I’m a musician with my work on streamers since the beginning, and know what goes on behind the scenes. There are post-processes done on files, as well as different versions of masters that can do the rounds at the streamers for newer bands. Digital masters from magnetic tape also were done at different times, and you can hear a more recent digitization have wow/flutter and dropouts compared to the same tracks on another streamer recorded decades ago when the tape was fresher.
Bits are bits is another topic. The main degradations are timing errors (jitter), missing or reordered data (packet loss/dropouts), bit errors/CRC failures, buffer underruns causing gaps, and analog-domain problems after the DAC (ground noise, RFI, power‑supply noise).
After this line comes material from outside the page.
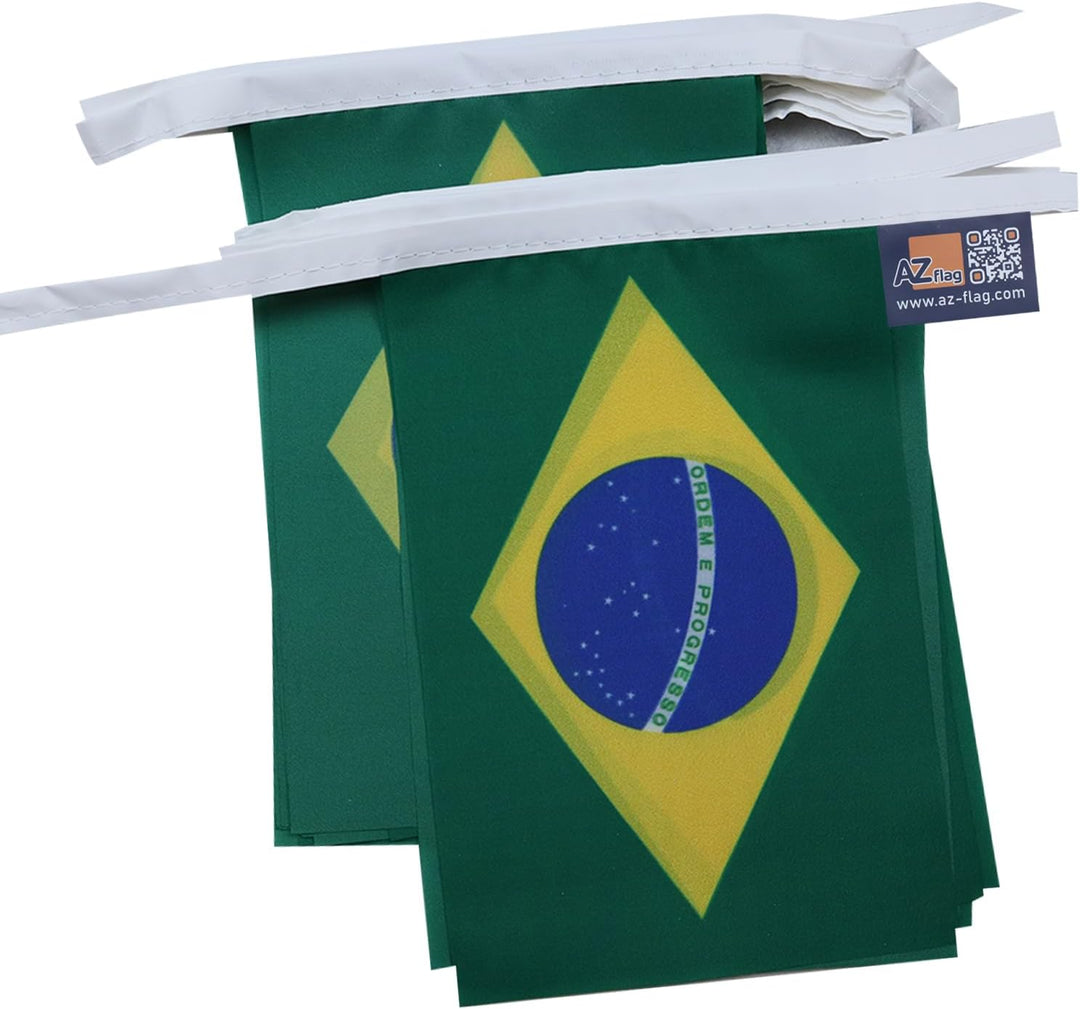 AZ FLAG FAHNENKETTE BRASILIEN 12 Meter mit 20 flaggen 45x30cm- BRASILIANISCHE Girlande Flaggenkette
Jitter is the most well known issue. Jitter is about when samples are presented, not whether their bits match the checksum. A packet can pass CRC yet arrive with timing errors that smear transients or disrupt DMA/clock alignment at the DAC. Checksums don’t address clock phase noise, PLL wander, or USB scheduling jitter.
As well, higher‑level processing can change samples intentionally. Resampling, up/down conversion, dithering, or driver interventions can alter the bitstream in ways that are valid and checksum‑clean but still change the audible result. Checksums don’t govern these transformations.
The point being many of these alterations/transmission take place at some point at the platform, not to mention transport protocols, buffering strategies, error-handling strategies etc all differ and can contribute to quality changes.
Its crazy to assume, with all the variables, experimentation and competition between companies not to mention different versions of files floating around that "a bit is a bit, and a master will always sound the same". I mean just use your ears, it’s obvious. I have my own digital masters and I compare them to the streaming services and sometimes, not always depending on the album, they don't sound alike. And I made the music.